- SANEDI (0.09 MB)
/ MEDIA STATEMENT / This content is not written by Creamer Media, but is a supplied media statement.
The South African National Energy Development Institute (SANEDI) is one of ten global teams awarded a $100 000 grant by the Million Cool Roofs Challenge to deploy solar reflective coating and/or materials between August 2019 and December 2020.
The 1 Million Cool Roofs Challenge is a $2 million global competition to rapidly scale up the deployment of highly solar-reflective ‘cool’ roofs in developing countries suffering heat stress and lacking widespread access to cooling services.
Following the grant awards, $1 million will be awarded in 2021 to the team that has demonstrated the best sustainable and transferable model for rapid deployment of cool roofs and best meets the judging criteria. Materials must also meet minimum performance standards and be applied to roofs of buildings regularly occupied by people.

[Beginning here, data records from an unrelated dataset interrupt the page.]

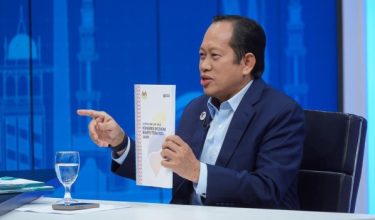 Datuk Seri Ahmad Maslan ketika menjadi tetamu dalam rancangan Naratif Khas bertajuk 'Kongres Ekonomi Bumiputera 2024: Bangsa Usahawan' yang dihoskan oleh Ismail Adnan di Wisma Berita malam tadi/Foto FB Ahmad Maslan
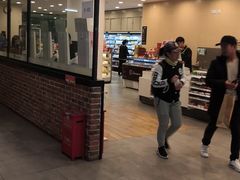 -全家便利店(上海南站站店)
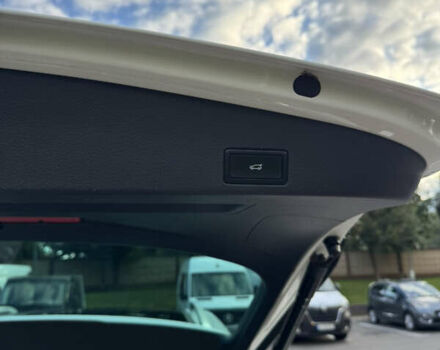 Білий Фольксваген Туарег, об'ємом двигуна 2.97 л та пробігом 228 тис. км за 29500 $, фото 15 на Automoto.ua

“Reflective roof surfaces not only have an impact on individual buildings, but deploying them across a whole community can have a net effect on reducing local ambient temperatures. Furthermore, the deployment of reflective materials creates sustainable job and skills opportunities for low skilled workers in both rural and urban contexts,” quotes Denise Lundall, Project Officer Energy Efficiency Cool Surfaces and Communications at SANEDI.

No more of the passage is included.